These are the key concepts you need to understand to accurately answer the question.

linear programming
Linear programming (LP) is a mathematical technique designed for optimization purposes, specifically to maximize or minimize a linear objective function. LP strives to solve real-world problems, like resource allocation, with multiple linear constraints and a clear objective. This exercise involves maximizing the function \(P = 2x + 6y + 6z\) subject to a series of linear inequalities. The constraints are bounds on the resources or conditions like maximums, minimums, or limits within which the solution must fit.

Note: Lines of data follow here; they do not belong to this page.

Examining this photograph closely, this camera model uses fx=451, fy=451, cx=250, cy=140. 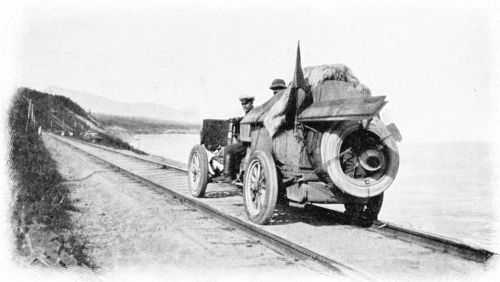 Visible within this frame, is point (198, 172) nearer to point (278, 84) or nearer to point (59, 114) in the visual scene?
point (278, 84)

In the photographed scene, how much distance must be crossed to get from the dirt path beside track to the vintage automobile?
94 cm

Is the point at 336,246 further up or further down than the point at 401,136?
further down

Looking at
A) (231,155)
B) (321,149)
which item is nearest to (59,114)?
(231,155)

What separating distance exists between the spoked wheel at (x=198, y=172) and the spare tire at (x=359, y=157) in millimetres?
3547

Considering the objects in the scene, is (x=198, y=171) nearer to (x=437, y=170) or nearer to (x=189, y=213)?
(x=189, y=213)

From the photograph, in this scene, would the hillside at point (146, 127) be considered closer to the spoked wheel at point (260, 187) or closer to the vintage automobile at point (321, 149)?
the spoked wheel at point (260, 187)

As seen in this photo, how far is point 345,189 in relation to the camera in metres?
5.53

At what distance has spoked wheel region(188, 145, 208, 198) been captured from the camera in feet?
28.8

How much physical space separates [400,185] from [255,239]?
28.1 feet

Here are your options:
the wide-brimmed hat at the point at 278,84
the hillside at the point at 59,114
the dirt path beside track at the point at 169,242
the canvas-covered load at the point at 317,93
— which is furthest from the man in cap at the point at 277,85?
the hillside at the point at 59,114

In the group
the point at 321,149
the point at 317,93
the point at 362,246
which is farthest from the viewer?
the point at 317,93

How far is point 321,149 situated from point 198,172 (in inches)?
155

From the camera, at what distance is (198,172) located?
29.8ft

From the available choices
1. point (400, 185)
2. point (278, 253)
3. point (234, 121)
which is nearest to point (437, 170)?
point (400, 185) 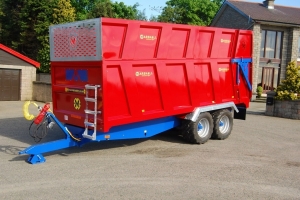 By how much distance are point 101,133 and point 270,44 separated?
24270mm

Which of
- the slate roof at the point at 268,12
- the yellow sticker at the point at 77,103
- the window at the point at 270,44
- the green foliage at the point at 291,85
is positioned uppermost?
the slate roof at the point at 268,12

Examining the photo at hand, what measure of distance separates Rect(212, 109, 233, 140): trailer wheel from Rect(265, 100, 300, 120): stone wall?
23.6 ft

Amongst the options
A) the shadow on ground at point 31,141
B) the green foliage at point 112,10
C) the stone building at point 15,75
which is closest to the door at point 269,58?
the green foliage at point 112,10

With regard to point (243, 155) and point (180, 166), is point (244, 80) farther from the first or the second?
point (180, 166)

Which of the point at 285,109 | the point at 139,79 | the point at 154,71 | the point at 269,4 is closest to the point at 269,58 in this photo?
the point at 269,4

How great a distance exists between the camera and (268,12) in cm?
2914

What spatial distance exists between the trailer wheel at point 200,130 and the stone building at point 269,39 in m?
19.3

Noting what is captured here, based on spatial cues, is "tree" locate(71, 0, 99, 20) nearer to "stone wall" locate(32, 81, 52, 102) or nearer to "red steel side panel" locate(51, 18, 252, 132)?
"stone wall" locate(32, 81, 52, 102)

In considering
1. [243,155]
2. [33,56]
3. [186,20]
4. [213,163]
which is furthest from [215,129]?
[186,20]

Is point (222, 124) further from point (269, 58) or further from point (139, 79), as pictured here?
point (269, 58)

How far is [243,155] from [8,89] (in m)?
16.8

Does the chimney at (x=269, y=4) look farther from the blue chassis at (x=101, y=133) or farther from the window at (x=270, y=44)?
the blue chassis at (x=101, y=133)

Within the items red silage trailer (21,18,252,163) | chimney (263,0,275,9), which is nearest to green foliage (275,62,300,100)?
red silage trailer (21,18,252,163)

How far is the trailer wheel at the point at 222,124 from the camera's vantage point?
32.0ft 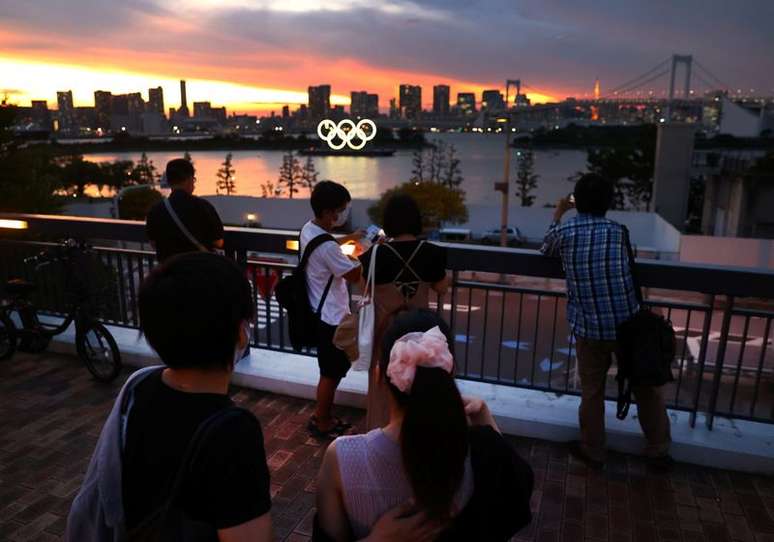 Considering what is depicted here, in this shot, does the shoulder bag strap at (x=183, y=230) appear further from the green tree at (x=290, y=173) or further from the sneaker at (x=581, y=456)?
the green tree at (x=290, y=173)

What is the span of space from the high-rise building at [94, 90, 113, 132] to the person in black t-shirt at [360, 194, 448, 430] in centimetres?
6066

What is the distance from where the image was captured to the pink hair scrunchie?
53.6 inches

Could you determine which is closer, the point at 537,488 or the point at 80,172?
the point at 537,488

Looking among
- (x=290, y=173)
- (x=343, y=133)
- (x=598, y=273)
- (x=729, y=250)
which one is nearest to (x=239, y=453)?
(x=598, y=273)

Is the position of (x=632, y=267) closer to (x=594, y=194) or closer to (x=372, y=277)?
(x=594, y=194)

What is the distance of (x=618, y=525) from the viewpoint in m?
2.93

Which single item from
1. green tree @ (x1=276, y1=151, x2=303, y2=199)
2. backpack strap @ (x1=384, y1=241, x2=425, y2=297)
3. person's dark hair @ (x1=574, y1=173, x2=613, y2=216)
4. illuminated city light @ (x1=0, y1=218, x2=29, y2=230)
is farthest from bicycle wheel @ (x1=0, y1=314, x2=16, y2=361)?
green tree @ (x1=276, y1=151, x2=303, y2=199)

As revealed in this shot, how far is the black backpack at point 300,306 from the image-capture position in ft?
11.8

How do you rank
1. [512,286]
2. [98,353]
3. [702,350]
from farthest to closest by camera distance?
[98,353], [512,286], [702,350]

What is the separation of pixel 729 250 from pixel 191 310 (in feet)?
91.0

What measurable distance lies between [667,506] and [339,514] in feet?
7.90

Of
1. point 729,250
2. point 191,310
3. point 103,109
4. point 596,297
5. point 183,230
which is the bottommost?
point 729,250

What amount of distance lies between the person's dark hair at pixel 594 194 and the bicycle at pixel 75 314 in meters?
3.73

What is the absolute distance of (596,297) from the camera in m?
3.20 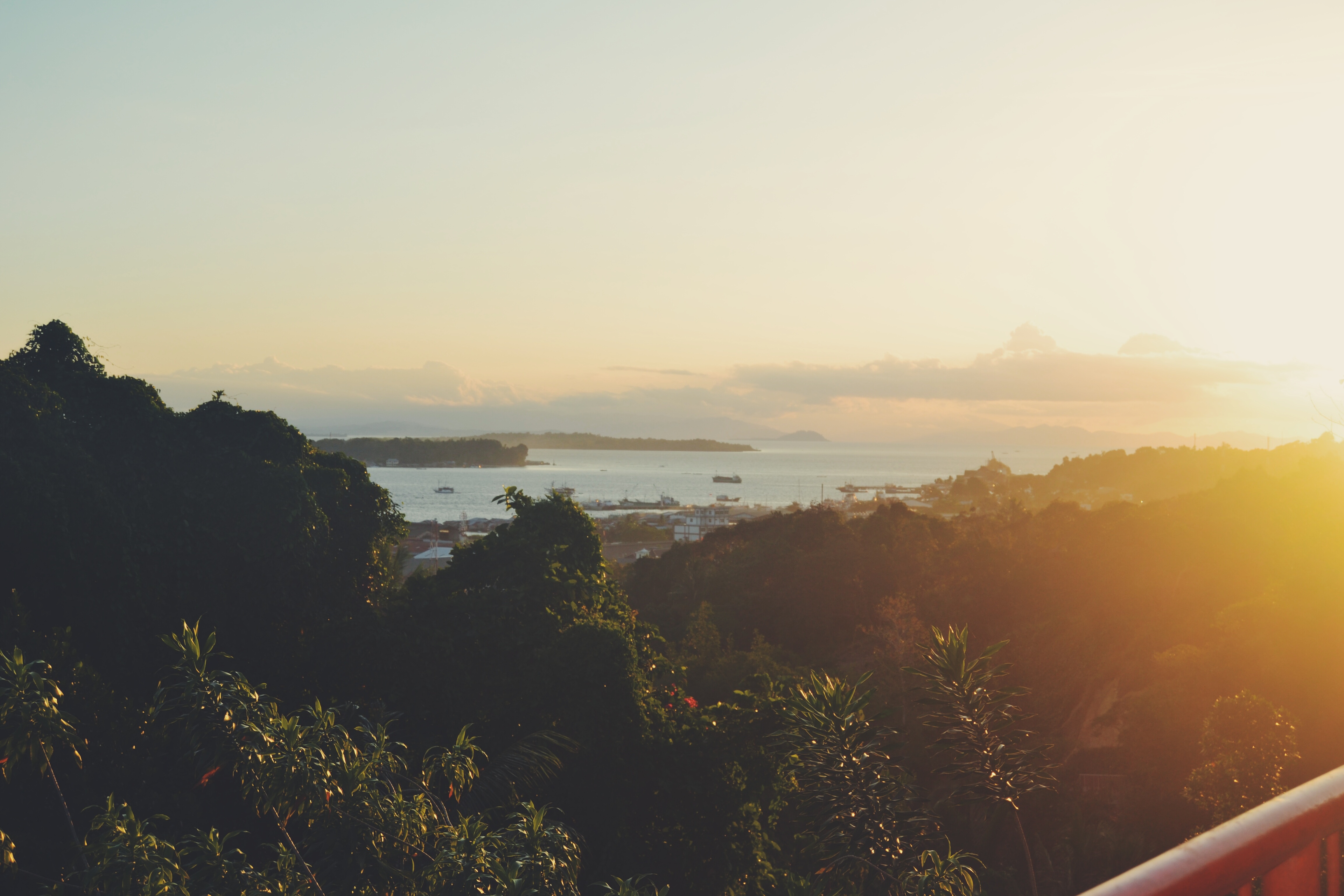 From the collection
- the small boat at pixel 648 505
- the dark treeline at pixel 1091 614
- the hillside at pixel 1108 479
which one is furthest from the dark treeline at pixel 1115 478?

LP applications are vast and include business, economics, military, and energy planning. To set up a linear program correctly, model the situation with a linear objective function along with constraints representing limitations or requirements. Variables should be non-negative and must accurately reflect the problem you are solving.
optimization problems
Optimization problems involve finding the best solution from a set of feasible solutions. These problems are central to many areas, such as operations research, engineering, and finance, where the goal is to optimize some component of interest. In this case, the problem is to maximize the profit or value represented by \(P = 2x + 6y + 6z\).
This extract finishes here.